Simulation : l’analyse pour la synthèse

Comme de Reffye l’a montré dans le paragraphe précédent, il faut partir de considérations qualitatives au vu de l’allure de la courbe résultante pour distinguer les contributions respectives de chaque sous-modèle. Or, il est possible d’aller plus loin en ce sens. Il apparaît que l’on peut chiffrer ce faisant certains paramètres des sous-modèles en présence : c’est notamment le cas du paramètre ‘a’ de la loi de Pareto qui peut se mesurer indirectement sur la courbe résultante tracée à partir des données entrées dans le calculateur. Dans une deuxième étape, le programme demande que l’on entre dans sa mémoire les coordonnées des points que l’utilisateur a donc auparavant décelés lui-même sur le tracé fourni à l’issue de la première étape. Employant ensuite les équations des sous-modèles, reformulées pour l’occasion de façon à exprimer les paramètres inconnus en fonction des nouveaux points mesurés sur la courbe simulée, le programme fait le calcul des paramètres des sous-modèles. La phase de synthèse proprement dite peut alors commencer, puisque tous les sous-modèles sont enfin interprétés et chiffrés. De Reffye justifie cet objectif comme suit :

‘« Il reste toutefois à effectuer une simulation pour vérifier l’exacte concordance entre le théorie et l’observation, à savoir que les paramètres et les lois mises en évidence sont nécessaires et suffisants pour expliquer les processus biologiques observés. » 1607

Notons que le dispositif logico-mathématique de sous-modèles mathématiques successifs et imbriqués logiquement au moyen de l’infrastructure du programme est ce que de Reffye appelle, dans ce contexte, la « théorie » de la récolte de fèves. Selon le passage précédent, la simulation a donc clairement pour fonction de permettre à la « théorie » d’être « vérifiée ». C’est là reprendre le propos qui avait déjà été le sien à ce sujet dans l’article de 1977. Mais l’autre intérêt de cet extrait est de nous proposer un équivalent assez précis de ce qui est appelé une « vérification » de théorie par simulation. Une telle vérification consiste dans le fait que la simulation rend manifeste la « concordance » entre le dispositif logico-mathématique et les phénomènes mesurés en champ. De Reffye ne parle pas ici de représentation mais seulement de « concordance » : il faut que la simulation montre que l’on a d’abord trouvé les bons facteurs biologiques (« nécessaires et suffisants ») et qu’on les a ensuite reliés pertinemment à des modèles mathématiques (donc eux aussi « nécessaires et suffisants ») censés leur correspondre.
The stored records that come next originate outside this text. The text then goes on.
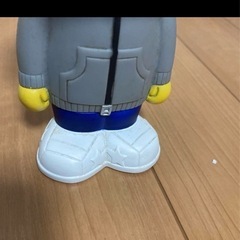 A BATHING APE アベイシングエイプ シャーク　貯金箱の画像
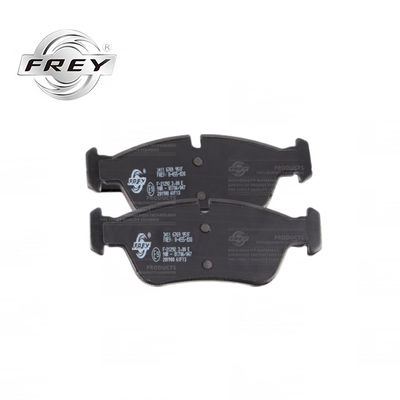 Dalam Stok Suku Cadang Mobil Frey Bantalan Rem Depan Set NAO OEM 34116769951 Untuk sistem rem mobil bmw E81 E82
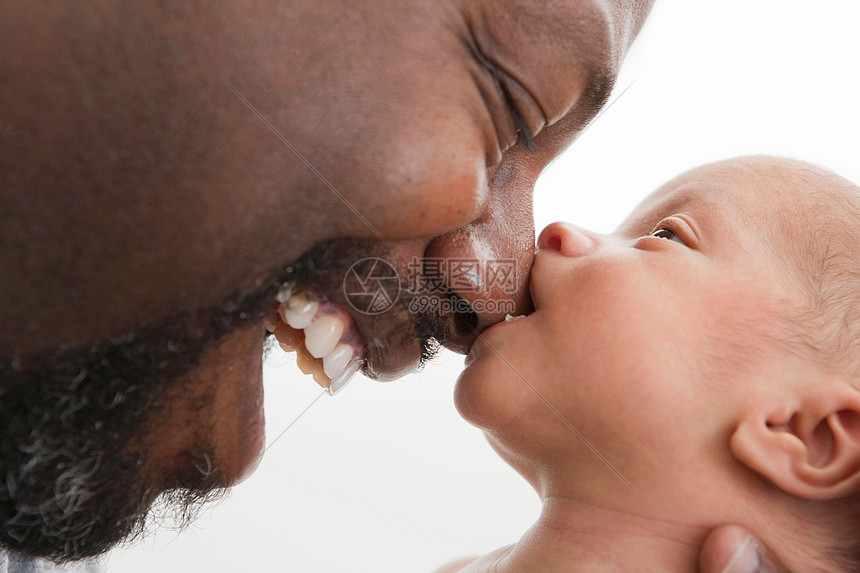 ‘~孩子咬着笑爸爸的鼻子  ~’ 的图片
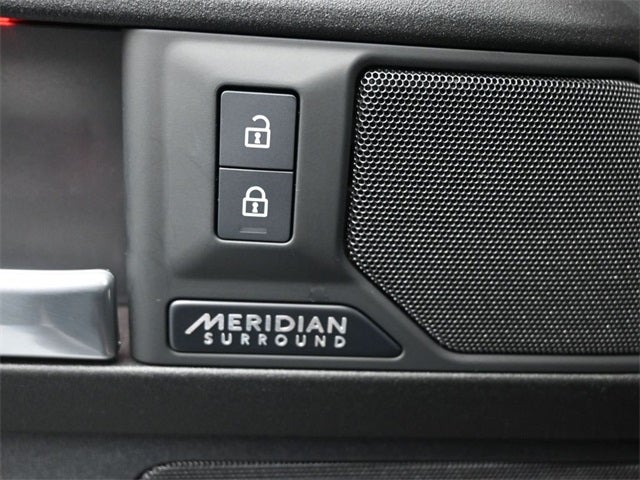 2025 Land Rover Defender 110 Sedona Red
L’utilisation de la formule courante « nécessaire et suffisant » indique l’idée que l’on a transposé le problème biologique dans un contexte logico-mathématique avec le double souci, pour ce transfert, d’une économie de l’information (« nécessaire ») et toutefois d’un maintien intégral de l’information pertinente (« suffisante »), comme cela peut se produire entre deux ensembles qui sont en relation bi-univoque ou de bijection. La théorie n’a donc pas pour objectif de restituer tout le détail en tant que tel, mais de restituer quand même au besoin tous les détails terme à terme qui seront utiles à l’objectif de contrôle et d’explication. Conformément à son étymologie, le terme « explication » retrouve alors tout son sens d’un dépliement suffisamment détaillé et approfondi des phénomènes micro-événementiels « impliqués » (repliés sur eux-mêmes) dans le phénomène global. Comme on le voit, dans ce cas de figure, la « théorie » formelle n’est donc plus à penser prioritairement comme une formule mathématique succincte et abstractive.

Notes
1607.

[Reffye (de), Ph., Parvais, J.-P., Mossu, G. et Lucas, P., 1978], p. 264.